InterChart: Benchmarking Visual Reasoning Across Decomposed and Distributed Chart Information

arXiv cs.CL / 5/4/2026

💬 OpinionIdeas & Deep AnalysisModels & Research

Key Points

  • InterChart is a new diagnostic benchmark for evaluating how vision-language models (VLMs) perform multi-chart visual reasoning tasks relevant to areas like scientific reporting and finance.
  • The benchmark moves beyond single, uniform charts by including diverse question types such as entity inference, trend correlation, numerical estimation, and multi-step abstract reasoning across 2–3 related charts.
  • InterChart is structured into three difficulty tiers—(1) reasoning on single charts, (2) integrative analysis on aligned synthetic chart sets, and (3) semantic inference on visually complex, real-world chart pairs.
  • The authors’ evaluation shows that VLM accuracy drops sharply as chart complexity increases, and that decomposition of multi-entity charts into simpler units improves performance, indicating weaknesses in cross-chart integration.
  • Overall, InterChart is positioned as a rigorous framework to identify systematic limitations and guide progress on multimodal reasoning in complex multi-visual settings.

Abstract

We introduce InterChart, a diagnostic benchmark that evaluates how well vision-language models (VLMs) reason across multiple related charts, a task central to real-world applications such as scientific reporting, financial analysis, and public policy dashboards.

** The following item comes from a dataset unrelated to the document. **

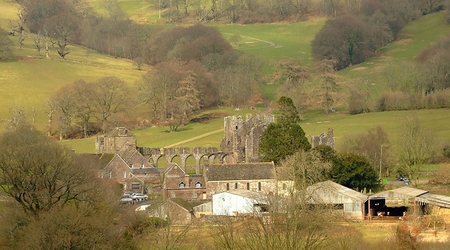 Llanthony Priory z oddali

Unlike prior benchmarks focusing on isolated, visually uniform charts, InterChart challenges models with diverse question types ranging from entity inference and trend correlation to numerical estimation and abstract multi-step reasoning grounded in 2-3 thematically or structurally related charts. We organize the benchmark into three tiers of increasing difficulty: (1) factual reasoning over individual charts, (2) integrative analysis across synthetically aligned chart sets, and (3) semantic inference over visually complex, real-world chart pairs. Our evaluation of state-of-the-art open- and closed-source VLMs reveals consistent and steep accuracy declines as chart complexity increases. We find that models perform better when we decompose multi-entity charts into simpler visual units, underscoring their struggles with cross-chart integration. By exposing these systematic limitations, InterChart provides a rigorous framework for advancing multimodal reasoning in complex, multi-visual environments.